Mikubill/naifu

Some questions.

IdiotSandwichTheThird opened this issue · 2 comments

Looking at this project a few questions come to my mind that are unanswered in the readme.

  1. Does this allow to use >75 tokens as text input, or is the text/tags truncated after 75?
  2. How does limit_train_batches work? Are the images chosen at random? Do I have to change the value if the dataset is >100 images?
  3. Are input images resized automatically for the buckets, or is some pre-processing necessary? (Looking at the test datasets for example I see all images appear to be 1:1 aspect ratio, is this required?)

75 tokens as text input

This feature has been implemented in recent commits. Specify max_length in config.dataset to make your own or follow the default 225 tokens limit.

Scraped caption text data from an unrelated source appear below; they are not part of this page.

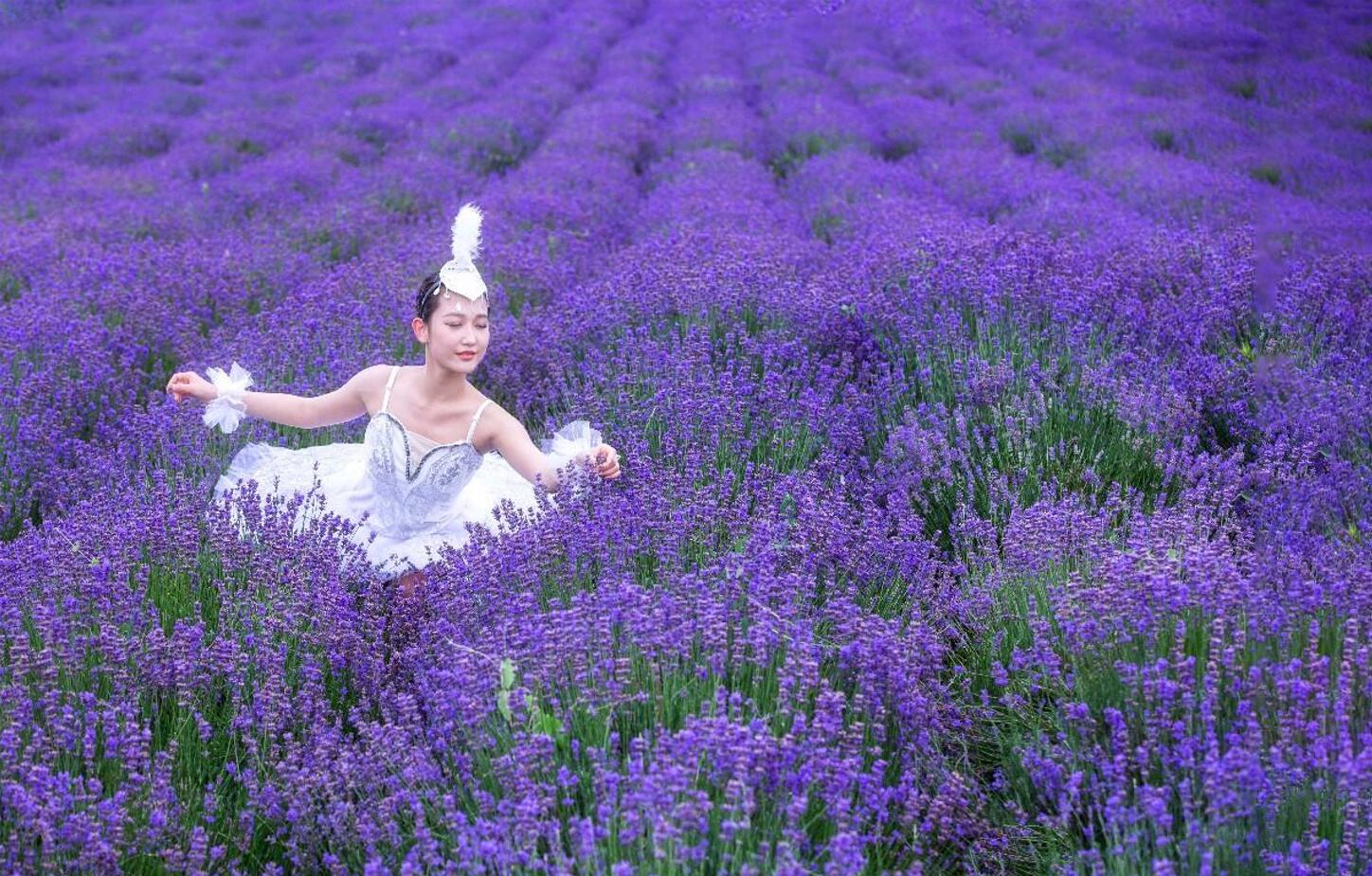 ޹�²�ׯ԰���赸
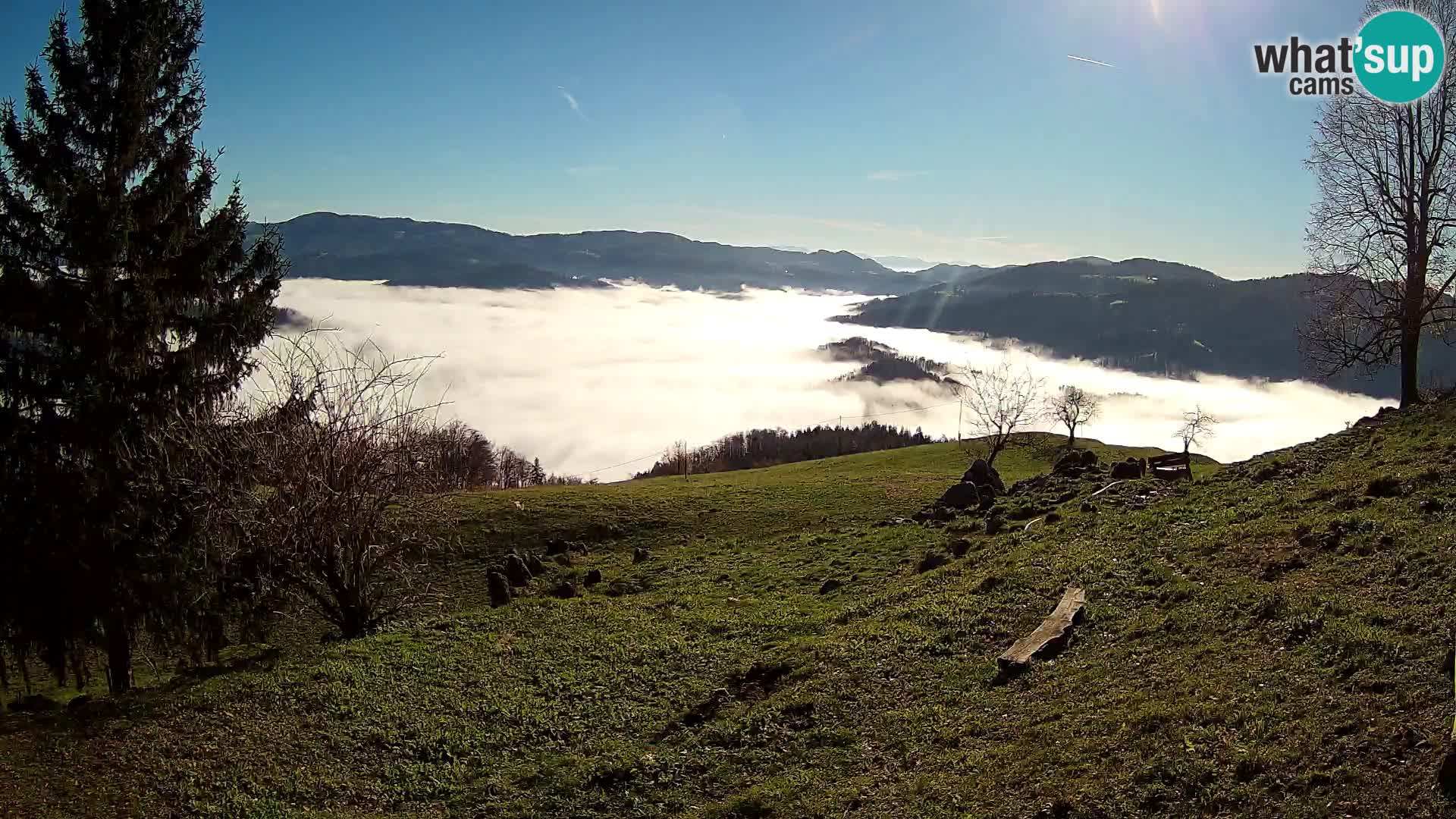 Slajka webam | Gorenja vas | Slovenia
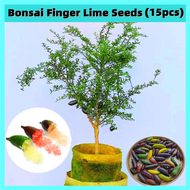 [Fast Germination] 15pcs Bonsai Finger Lime Seeds for Planting Fruits Delicious Fruit Seeds Dwarf Fi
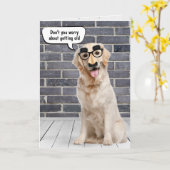 古い誕生日ゴールデンレトリバーの取得 カード (黄色い花)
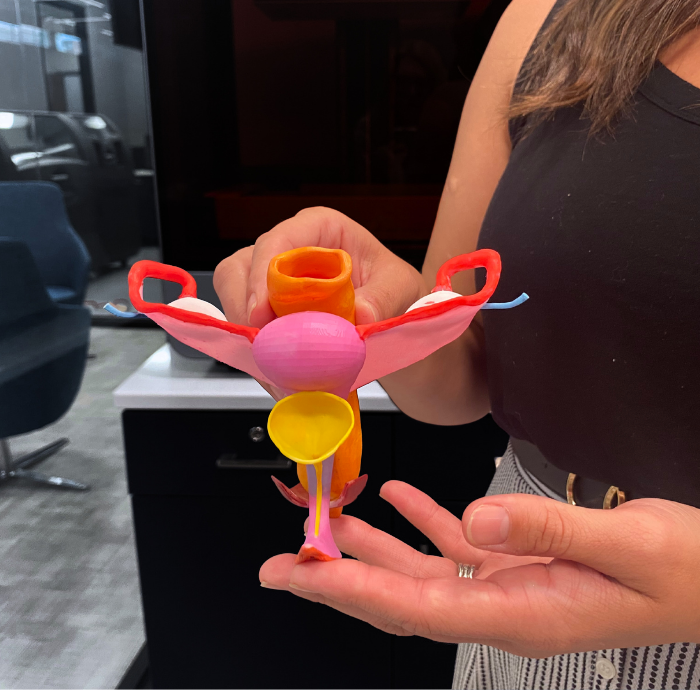 Close-up of the resin 3D model of female reproductive organs printed at Clarkson College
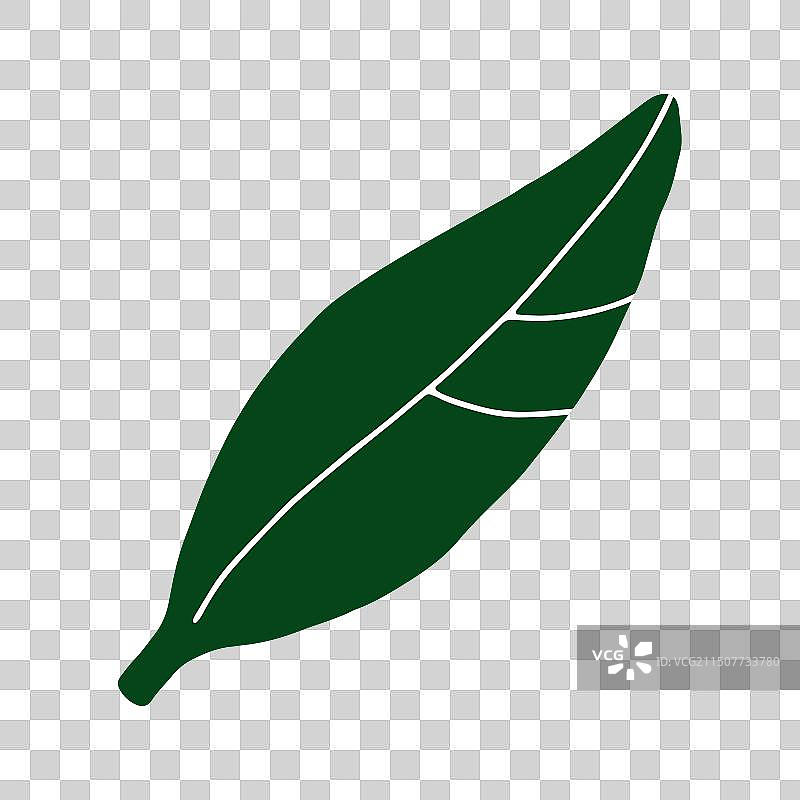 手绘绿色树叶涂鸦图片素材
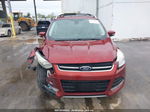 2014 Ford Escape Titanium Maroon vin: 1FMCU9JX6EUB42138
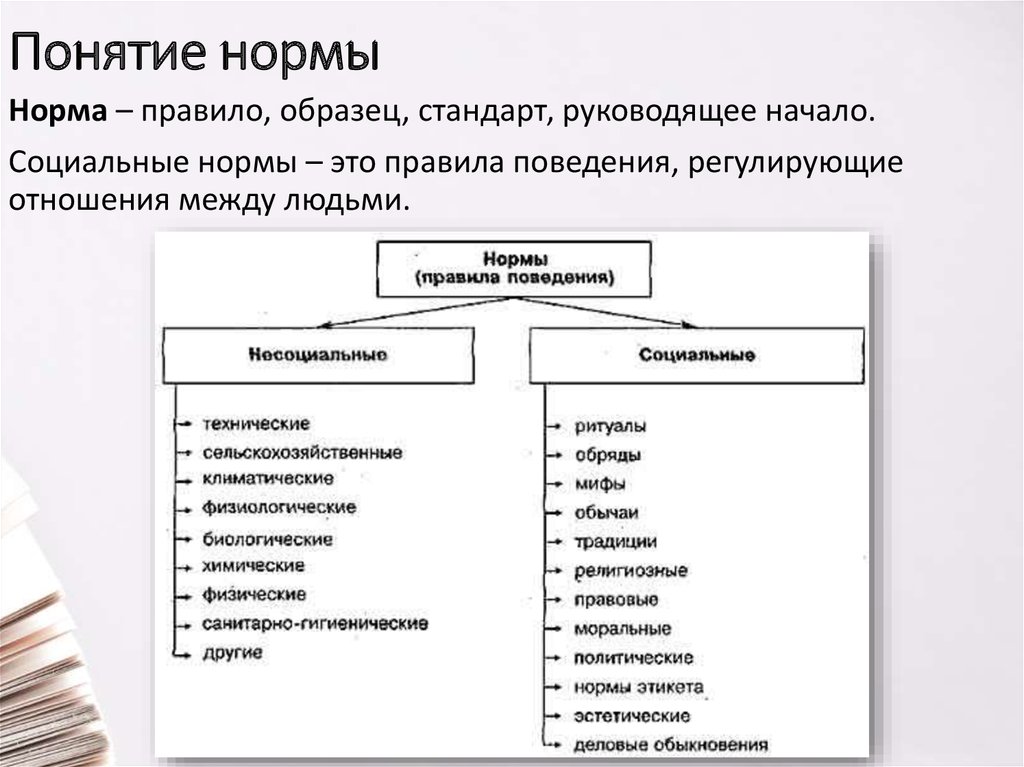 Установите соответствие виды норм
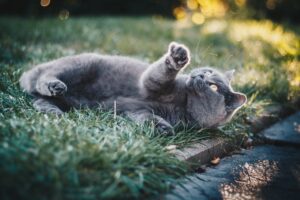 Cat lying on grass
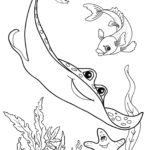 Raskrasil.com-Colorig-Pages-Marine Life-22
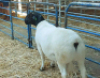 1X DORPER RAM NOOITGEDACHT DORPERSTOET - T5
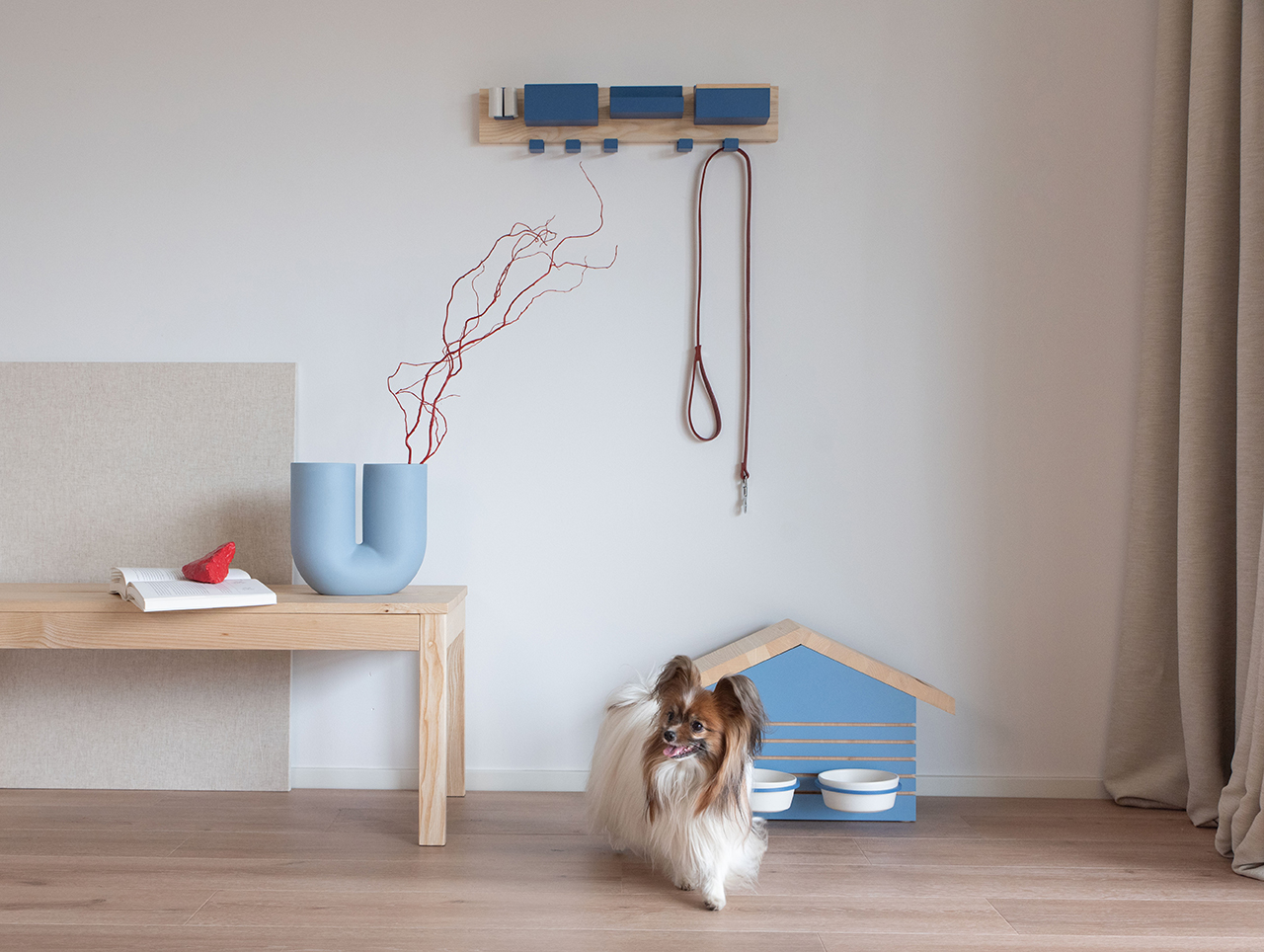Designing for Paws: How Ergonomic Pet Furniture & Adjustable Feeders Improve Pet Health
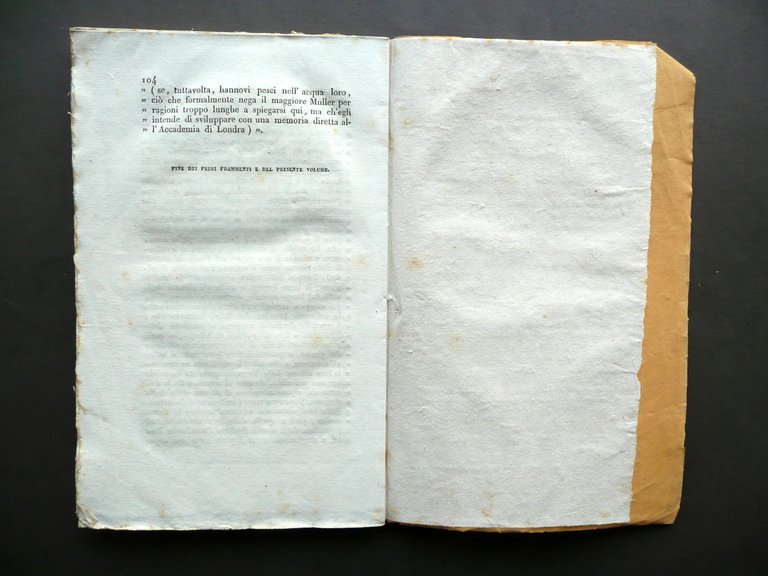 Nuove Scoperte di Sir John Herschel nel Cielo Australe e … | Immagine Gallery 4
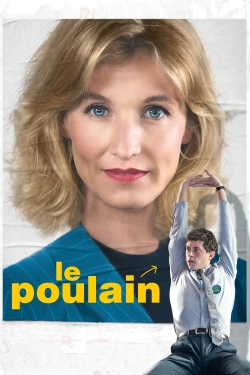 Le Poulain-stream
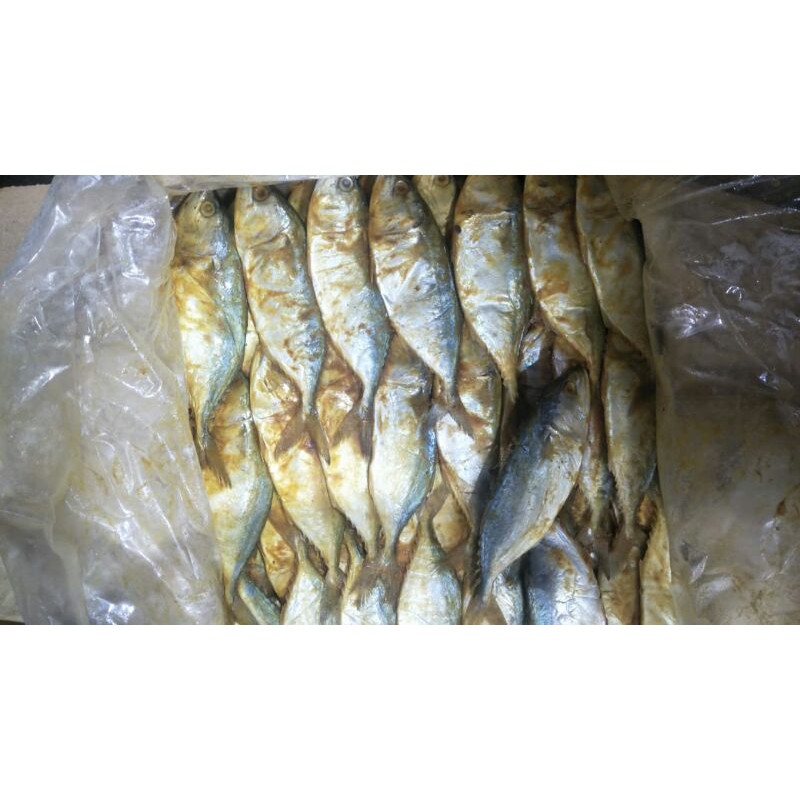 

IKAN PEDA MERAH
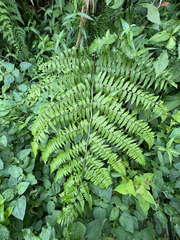 Diplazium laxifrons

How does limit_train_batches work,

trainer.limit_train_batches will directly pass to pl.Trainer and limit the batches used in a single epoch...(maybe we should set this value in default to 1.0? As for the images, every epoch arb will shuffle and generate a new list of image batches.

images resized automatically for the buckets...

Input images will be resized and cropped(a little) by arb, if needed u can enable arb.debug and dataset.debug_arb to view those cropped images. well it'is handy but do some augmentation in advance will make things better obviously

Nice! Thank you for your work. I saw some issues sometime with it running out of vram when using >100 limit_train_batches, though after switching to xformers it doesn't happen anymore.